Akhirnya saya pun menjelaskan tentang konsep pendidikan di Indonesia yang selama cenderung tidak berpihak kepada anak didik. Saya masih ingat betul waktu sekolah. Ketika itu saya mendapatkan ulangan matematika 5,dan saya pun langsung mendapatkan hukuman baik berupa cercaan maupun fisik. Dan dampaknya adalah kalim bahwa saya adalah anak bodoh. Sebetulnya waktu itu hati saya berontak dan ingin menyangkal guru tersebut. Waku itu saya ingin mengatakan,”Pa, memang nilai matematika saya rendah, tapi bukankah saya juga memiliki kecerdasan lain,tolong dong itu juga diperhatikan,”. Itulah kata yang ingin saya sampaikan 7 tahun yang lalu, namun baru bisa saya sampaikan pada guru itu pada tahun 2005 yang lalu.

Itulah sistem pendidikan yang sampai sekarang diterapkan. Bahkan para orang tuapun merasa kecewa ketika anaknya mendapatkan nilai dibawah standar. Padahal sebetulnya semua orang cerdas, hanya saja kecerdasaannya yang berbeda-beda. Ada yang memiliki kecerdasan sosial, kecerdasan logik matematik, kecerdasan language dan kecerdasa lainnya.

Dan saat ini bukan jamannya menilai seorang dari nilai ulangannya saja. Namun harus dilihat dari berbagai sisi.

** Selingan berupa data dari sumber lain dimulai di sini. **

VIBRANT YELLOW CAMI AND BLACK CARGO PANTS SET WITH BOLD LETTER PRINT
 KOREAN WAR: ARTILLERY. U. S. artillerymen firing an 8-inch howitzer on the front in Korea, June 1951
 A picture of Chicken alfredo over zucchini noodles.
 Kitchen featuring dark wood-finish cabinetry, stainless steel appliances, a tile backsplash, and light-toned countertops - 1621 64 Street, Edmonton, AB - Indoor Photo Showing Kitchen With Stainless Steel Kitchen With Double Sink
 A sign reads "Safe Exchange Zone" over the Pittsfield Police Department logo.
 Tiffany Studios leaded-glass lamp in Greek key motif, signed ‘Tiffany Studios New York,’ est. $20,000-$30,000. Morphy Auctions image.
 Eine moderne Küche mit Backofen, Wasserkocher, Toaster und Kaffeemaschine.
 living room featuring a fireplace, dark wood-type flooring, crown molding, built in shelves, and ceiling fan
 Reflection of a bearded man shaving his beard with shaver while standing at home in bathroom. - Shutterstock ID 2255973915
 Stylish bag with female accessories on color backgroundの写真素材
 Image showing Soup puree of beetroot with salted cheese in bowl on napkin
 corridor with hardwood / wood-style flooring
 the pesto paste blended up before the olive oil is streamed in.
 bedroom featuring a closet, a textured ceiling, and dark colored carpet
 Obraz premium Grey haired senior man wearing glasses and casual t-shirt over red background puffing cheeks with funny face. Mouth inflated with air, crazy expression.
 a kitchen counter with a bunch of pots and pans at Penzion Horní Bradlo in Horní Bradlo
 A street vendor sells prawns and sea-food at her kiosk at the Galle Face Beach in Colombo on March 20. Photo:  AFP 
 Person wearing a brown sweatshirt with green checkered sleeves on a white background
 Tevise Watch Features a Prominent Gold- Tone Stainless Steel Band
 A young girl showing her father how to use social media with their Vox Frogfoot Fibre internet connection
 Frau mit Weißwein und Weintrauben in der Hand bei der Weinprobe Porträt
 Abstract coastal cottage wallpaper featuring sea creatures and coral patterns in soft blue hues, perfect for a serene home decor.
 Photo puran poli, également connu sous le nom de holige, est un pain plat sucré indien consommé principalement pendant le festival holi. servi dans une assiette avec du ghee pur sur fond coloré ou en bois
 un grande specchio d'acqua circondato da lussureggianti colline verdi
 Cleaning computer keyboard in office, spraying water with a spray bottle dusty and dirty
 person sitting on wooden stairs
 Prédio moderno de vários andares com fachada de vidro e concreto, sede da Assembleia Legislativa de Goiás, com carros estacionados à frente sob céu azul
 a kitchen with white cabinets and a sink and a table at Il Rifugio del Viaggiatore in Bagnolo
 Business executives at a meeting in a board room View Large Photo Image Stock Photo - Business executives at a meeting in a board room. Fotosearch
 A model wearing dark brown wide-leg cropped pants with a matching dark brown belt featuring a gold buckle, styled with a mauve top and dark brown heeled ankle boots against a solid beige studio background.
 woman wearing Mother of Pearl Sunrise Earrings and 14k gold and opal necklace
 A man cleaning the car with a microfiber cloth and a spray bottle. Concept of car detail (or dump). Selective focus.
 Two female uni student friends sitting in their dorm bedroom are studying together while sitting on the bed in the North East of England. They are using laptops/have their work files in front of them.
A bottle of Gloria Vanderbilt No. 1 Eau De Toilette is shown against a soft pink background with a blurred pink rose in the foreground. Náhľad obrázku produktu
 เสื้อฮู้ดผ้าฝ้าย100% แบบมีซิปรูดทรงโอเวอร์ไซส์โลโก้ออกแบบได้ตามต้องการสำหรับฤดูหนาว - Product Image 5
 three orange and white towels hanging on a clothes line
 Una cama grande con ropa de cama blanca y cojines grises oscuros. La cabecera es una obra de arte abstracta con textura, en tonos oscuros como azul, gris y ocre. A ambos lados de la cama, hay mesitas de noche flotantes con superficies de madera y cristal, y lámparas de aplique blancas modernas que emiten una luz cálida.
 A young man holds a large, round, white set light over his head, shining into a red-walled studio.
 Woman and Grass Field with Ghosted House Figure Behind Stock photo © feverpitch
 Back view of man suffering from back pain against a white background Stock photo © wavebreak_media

Kembali lagi pada pernyataan teman saya itu. Itulah kehidupan dengan pernak-perniknya. Terkadang kita sendiri bingung untuk membuat langkah-langkah supaya sukses. Walaupun jujur saja saya belum merasa sukses, sebab ada beberapa hal yang belum saya capai.Saya tidak akan mengulas tentang arti sebuah kesuksesan, namun saya hanya ingin mengatakan bahwa modal kepintaran akademik saja tidaklah cukup akan tetapi harus ditunjang dengan kemampuan yang lain.

Darimanakah Muncul Ide ?

Dalam kehidupan sehari-hari kita disibukan dengan rutinitas yang terkadang sering menjebak kita pada rapuhnya daya pikir dan mrembesnya otak kita dalam kepenatan. Jangankan untuk menyerap ide, mengingat apa yang sudah kita lakukan pun terkadang sering kelupaan. Sisi lain kita masih menanggapi hal itu dengan suatu kewajaran, namun jika hal itu kita biarkan berlarut-larut maka akan mengancam kemampuan kita dalam menelurkan sebuah ide. Kondisi ini harus segera diantisipasi, agar kita tidak menjadi manusia jumud alias primitif.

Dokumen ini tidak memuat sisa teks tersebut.